Why Plastic Soldiers so popular around the World? With plastic toy soldiers played by both children and adults. In the evening enjoy spending time with family, collecting new bastions of a fortress surrounded by plastic legionaries. Fathers and sons can bond while spending time together. After all, at the present time so frequently break up the family, and all by the fact that parents and children love to play with plastic soldiers. Back in the old days was a popular plastic soldiers. They were placed on the maps. What is people's love of the play with the soldiers? They are strong, fighting spirit and hard plastic, like the male potency. Men's erections should be as solid as the military spirit and plastic soldiers. But it may improve the state of the solid spirit of your potency The answer is simple Cialis is the only drug which will make so firm, helping the blood flow to your penis.

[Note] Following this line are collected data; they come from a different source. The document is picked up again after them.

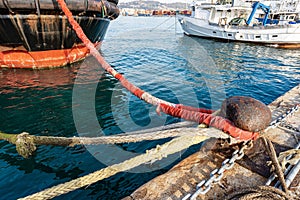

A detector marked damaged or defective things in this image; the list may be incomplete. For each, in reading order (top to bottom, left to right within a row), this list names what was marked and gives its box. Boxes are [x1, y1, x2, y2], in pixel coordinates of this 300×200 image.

rusty chain [183, 141, 253, 200] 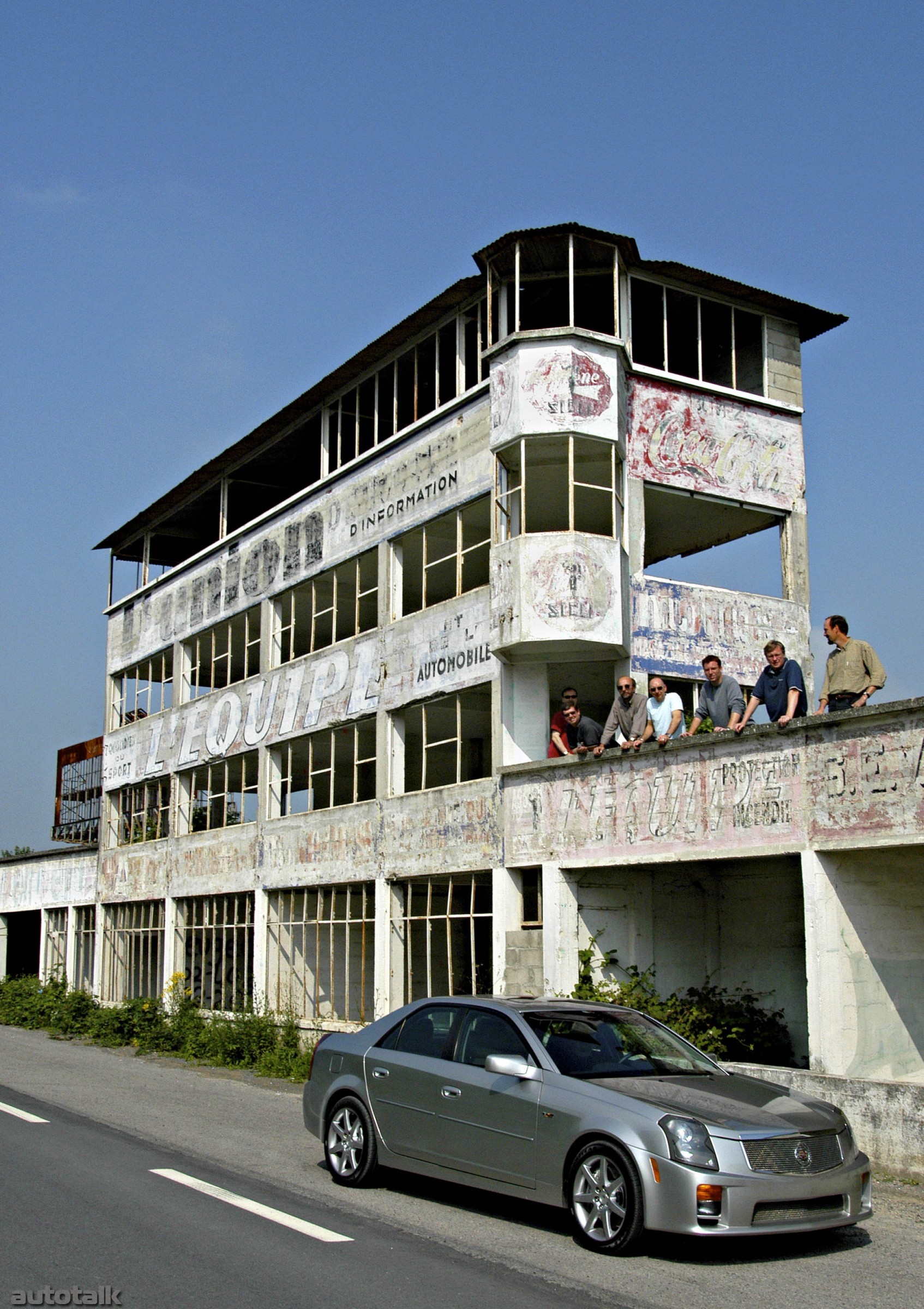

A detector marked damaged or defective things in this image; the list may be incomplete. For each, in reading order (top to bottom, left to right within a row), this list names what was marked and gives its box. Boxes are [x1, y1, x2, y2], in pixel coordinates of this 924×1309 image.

broken window [625, 279, 764, 395]
broken window [492, 437, 623, 539]
broken window [395, 495, 489, 617]
broken window [110, 649, 172, 733]
broken window [112, 774, 170, 848]
broken window [181, 754, 259, 832]
broken window [185, 604, 259, 701]
broken window [268, 717, 377, 816]
broken window [273, 547, 377, 665]
broken window [400, 691, 492, 790]
broken window [43, 911, 67, 984]
broken window [73, 911, 94, 989]
broken window [102, 900, 163, 1000]
broken window [176, 890, 251, 1010]
broken window [264, 879, 371, 1021]
broken window [400, 869, 492, 1000]
broken window [518, 869, 539, 932] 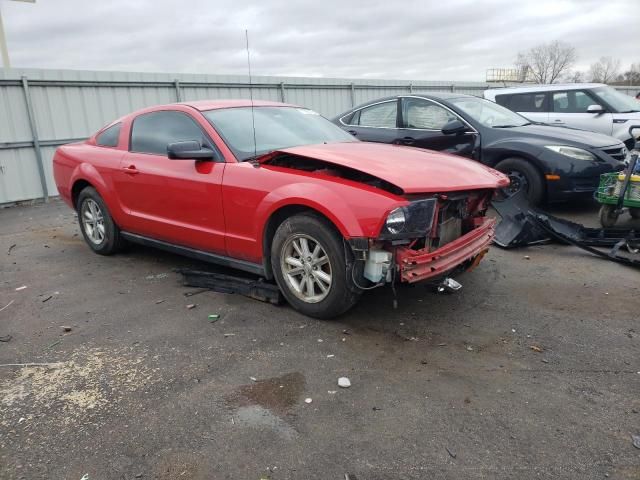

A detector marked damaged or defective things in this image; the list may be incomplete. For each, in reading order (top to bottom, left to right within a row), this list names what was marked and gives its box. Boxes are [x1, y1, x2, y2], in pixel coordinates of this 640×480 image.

Cialis online has few side effects, the most common is skin redness, headache, and in rare cases a bad dream. But Cialis, it Tadalafil, is a leader in the treatment of potency. Popular dosage of Cialis is 20 mg. the Most effective. 5 mg Cialis choose for daily use. Cialis for dad. Plastic soldiers for children.

M
M

M

Revell

Set 02509

British Paratroopers

Click for larger image
All figures are supplied unpainted    (Numbers of each pose in brackets)
Stats
Date Released 1992
Contents 50 figures
Poses 12 poses
Material Plastic (Medium Consistency)
Colours Grey/Green, Bright Green
Average Height 24 mm (= 1.73 m)

Review

By the outbreak of war in Europe in 1939, both the Soviet Union and Germany had had well established paratroop units for several years. Britain showed little interest, and it was not until 1940 that training began on her first parachute troops, largely at the urging of Winston Churchill.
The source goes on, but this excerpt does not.